Thursday, November 13, 2008

Hachesse (and a glimpse of Menton)

"Ca va? You look completely wiped out."

My husband looked troubled by my apparent exhaustion as we started winding back down the streets of Vieux Menton. Like many villages on the Côte d'Azur, the old part of town is perched on a rocky hill well above the sea. With le Petit on my back in the Ergo baby carrier, we'd climbed up to where we had an impressive view of the cliffs of the Moyenne Corniche above us, the Mediterranean beyond the rooftops below us, the first capes on the Italian coast to one side, and the first high-rise apartment buildings of Monaco to the other.

At the summit we wandered among the graves of the international aristocrats of a century past. The cemetary was densely packed with tombs, many ostentatiously marked concession perpétuelle to remind future generations that the bereaved had paid enough to prevent their loved one from being unearthed and moved to make room for new graves, a common practice in France. Some of the marble headstones were cracked and their letters indecipherable, but the view was still the very best money could buy. Even in death here there is fierce competition for choice real estate.

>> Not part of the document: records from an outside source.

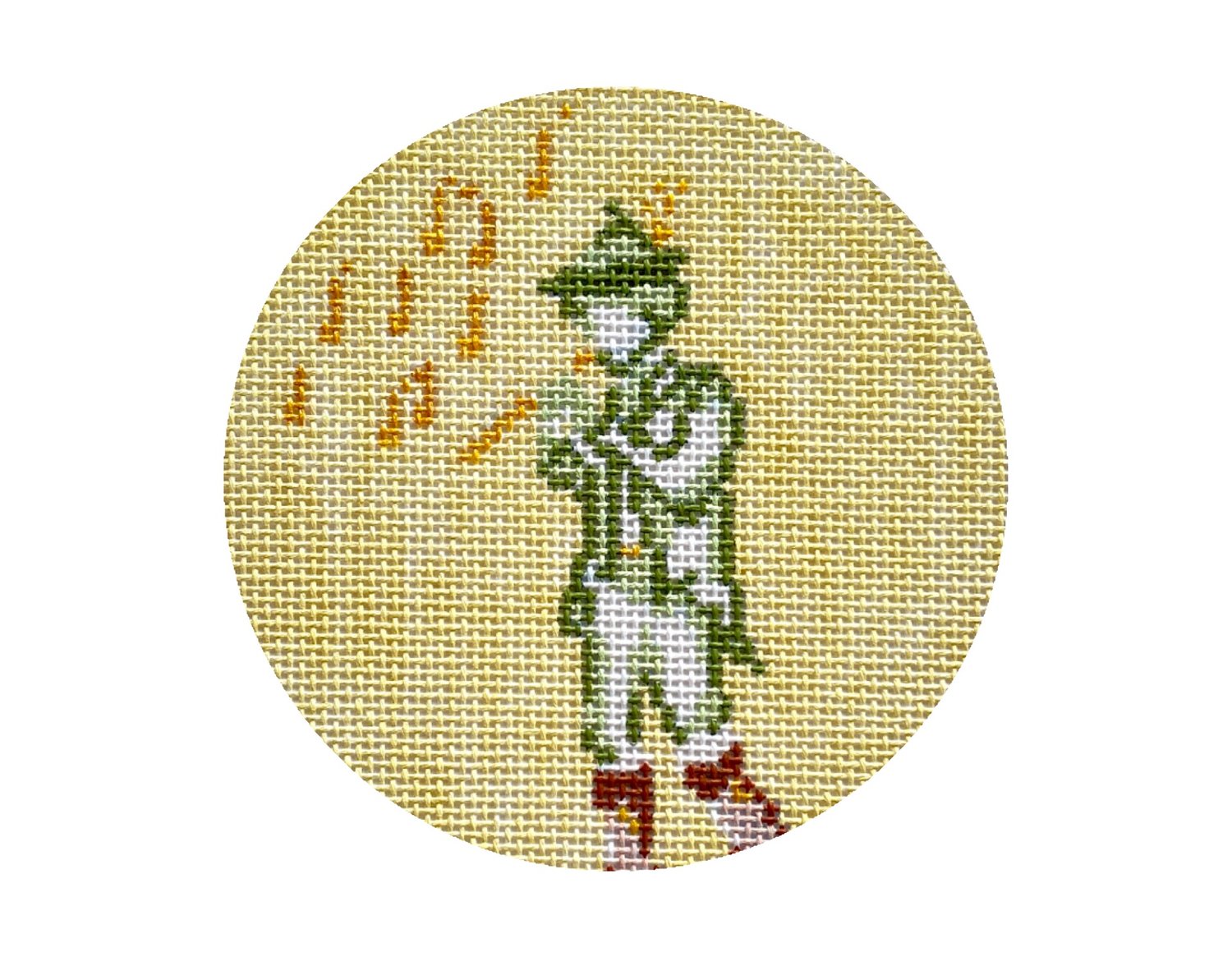 Twelvetide in Color - Eleven Pipers Piping Canvas
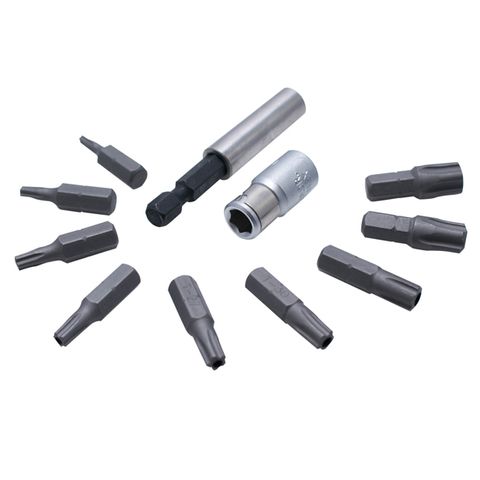 RYTOOL 11PC 5 POINT TORX BITS SET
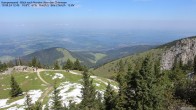 Archived image Webcam Kampenwand - View to the North 11:00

As we started back down between the brightly-colored houses that clung at all angles to the hillside, I started to drag my feet and my husband worried about me out loud.

I was a bit tired, but still alert enough for an epiphany.

"Oh! That's what that means! Hachesse is really H. S.!"

I'd suddenly realized that the French term for 'wiped out' that my husband had used was an abbreviation of hors service, or 'out of order.' No matter how fluent I think I am, I still have moments when I realize that I've been hearing something completely wrong for years and I have to adjust my mental subtitling.

Now that I know what the word means, maybe I'll dare to employ it myself. I had hesitated all this time because I figured the "esse" at the end made it a feminine adjective and I wasn't sure what the masculine form could be. It couldn't possibly be haché (ground, as in steak haché), after all. . .

(More on our trip to Nice shortly!)


Isabelle said...

Very funny about haché and hachesse, Parisienne!!
I LOVE Menton, my grandparents used to have an apartment there, where they would spend most of the year.
It's such a beautiful place (except for the crottes de chien, that are even more numerous than in Paris lol).
I've visited the cemetery you are talking about, so peacefull and moving, with all the graves from russian aristocrats who had come to sunny Côte d'Azur in the 19th century in hope to cure their tuberculosis, and who have died in a foreign land...

Parisienne Mais Presque said...

You're right about the crottes de chien. It's a terrible problem there, since unlike in Paris, it doesn't seem to rain enough to wash it all down the gutter.

I didn't realize that Menton was a retreat for tuberculosis patients, but that makes sense, with the dry climate. That explains why there are so many people who died young.

Did you notice that the inventor of rugby is buried at Menton?

Isabelle said...

No, I didn't know that the inventor of rugby was buried there. He probably found Menton more pleasant than England!